Compound Crunch
July 12th, 2006
One of my favorite activities is calculating compounding returns. I find that it helps stimulate my imagination and think up ways to generate different rates of return. If you’re ever bored I suggest grabbing a piece of paper and compounding your own numbers. Think of what you can afford to invest each month and calculate your return over the first year, second year, and so forth. It gets really exciting around the 8th or 9th year when you generate a larger return than you add to the investment.
Show me some sample numbers!(Click the image to see more details)
The above image assumes you have an investment strategy of investing 15% of your gross annual earnings. It also assumes you can generate 15% return. Further, it assumes you are able to grow your earnings by 4% a year (ie, get a raise).
Over the course of the 31 years (above), a total of $143 861.41 was invested but in the end you have nearly $3 000 000!
I’ve made this excel spreadsheet available here. Simply substitute your own values into the maroon fields (Salary, Invested, Return) and see how you can customize your own plan!
Remember, you don’t need to invest into a stock market to get returns. In fact, one of the best ways to generate a 15% return is to invest in a side business. Not only will doing something you enjoy help you attain a 15% return with a lot more ease, it can also supplement your annual earnings—the beauty is you can start small. With the chart above, you need to attain 15% on $4.5k. That is, you need to make $675.00 and you have $4500 to help you do it.
The most important part of compounding money is TIME. It is essential that you begin today because in later years your money will grow very rapidly. Don’t wait till you’re 60 to enjoy it. Start an aggressive plan when you’re in your 20s and you can retire rich in your 40s.

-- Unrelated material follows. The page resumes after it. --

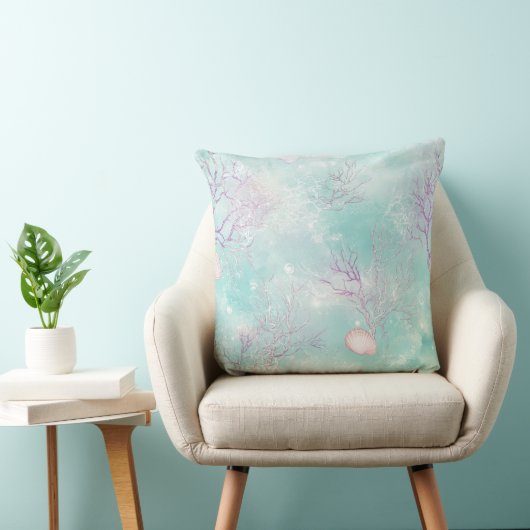 Aqua Ocean Waves & Seashell Pattern (16) クッション (椅子)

This strategy holds true even if you have debt. Again, time is on your side, but only if you take advantage of it and compound those dollars. I like to use the following strategy for putting money away and investing:
- Pay your rent/mortage. This needs to be paid first or else you won’t have a roof over your head. Enough said.
- Pay yourself next. This is done by investing for your future. Paying yourself second leaves no excuse to not invest.
- Pay your debts. By paying your debts right before your spending, you’ll want to reduce the debt more by reducing the spending. Investing stays out of the picture and you will grow to despise debt even more.
- Pay for the present, fun, shopping, etc.
You must begin investing now. It is essential to begin building the habit of investing.
Of course, this was a very simple post but I hope that you are convinced that saving a measly amount of money every month is a great idea. The benefits far outweigh the ability to immediately consume. If you haven’t started an investment plan, I hope you’re motivated now and will begin with the very next paycheck.